IN RE: Ruthnan BIGELOW, Debtor. Ruthnan Bigelow, Appellant, v. Ronald Brady, A & A Realty Limited, a Nevada corporation, Appellees.

No. 97-17129.

Decided: June 08, 1999

Before:  Schroeder, Reinhardt and Silverman, Circuit Judges. Thomas A. Ryan, Segal & McMahan, Las Vegas, Nevada, for the debtor-appellant. Michael J. Smith, Las Vegas, Nevada, for the appellees.

 Debtor Ruthnan Bigelow appeals the Bankruptcy Appellate Panel's reversal and remand of the bankruptcy court's grant of summary judgment against Ronald Brady and A & A Realty, a corporation, in an adversary proceeding related to her Chapter 7 bankruptcy.   We have jurisdiction pursuant to 28 U.S.C. § 158(d).   We review the BAP's conclusions of law de novo and findings of fact for clear error.  In re Weisberg, 136 F.3d 655, 657 (9th Cir.), cert. denied, 525 U.S. 826, 119 S.Ct. 72, 142 L.Ed.2d 56 (1998).   We affirm.

 Because only one issue presented requires an answer that is worthy of publication, we consider that issue in this opinion and the remaining issues in a memorandum disposition filed concurrently herewith.   That issue is whether a corporation's notice of appeal, signed and filed by a corporate officer, is invalid because it was not signed and filed by counsel.   We conclude that it is not invalid.

Bigelow argues that the BAP erred in holding that it had jurisdiction to consider A & A's appeal even though Brady, a non-attorney and 60% owner of the corporation, signed and filed the notice of appeal to the BAP on behalf of A & A. Following the filing of the notice of appeal, A & A was represented by counsel in proceedings before the BAP and on this appeal.

 The law is clear that a corporation can be represented only by a licensed attorney.  United States v. High Country Broad.
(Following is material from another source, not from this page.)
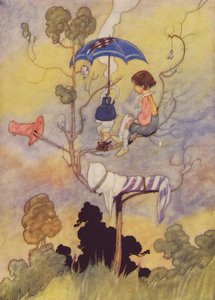 Hlídaný hrnec nikdy nevaří (barevná litografie) od Charles Robinson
Co., 3 F.3d 1244, 1245 (9th Cir.1993).   However, nothing in Bankruptcy Rule 8001 or the Federal Rules of Appellate Procedure requires dismissal of an appeal when a corporate officer signs the notice of appeal for the corporation.   A notice of appeal is just that-a notice.   It is not a motion or a pleading.   See Rule 7, Federal Rules of Civil Procedure.   We fail to see any compelling reason to refuse to recognize a corporation's notice of appeal, signed and filed by a corporate officer, so long as a lawyer promptly thereafter enters a formal appearance on behalf of the corporation and undertakes the representation.  K.M.A., Inc., v. General Motors Acceptance Corp., 652 F.2d 398, 399 (5th Cir. Unit B 1981).   In this case, counsel for A & A entered his appearance of record prior to the time any briefs, motions or responses were due.   He, not Brady, filed the brief, responded to the motions and argued the case.   Under the circumstances, we hold that the notice of appeal was not invalid and that the BAP did not err in concluding that it had jurisdiction over A & A's appeal.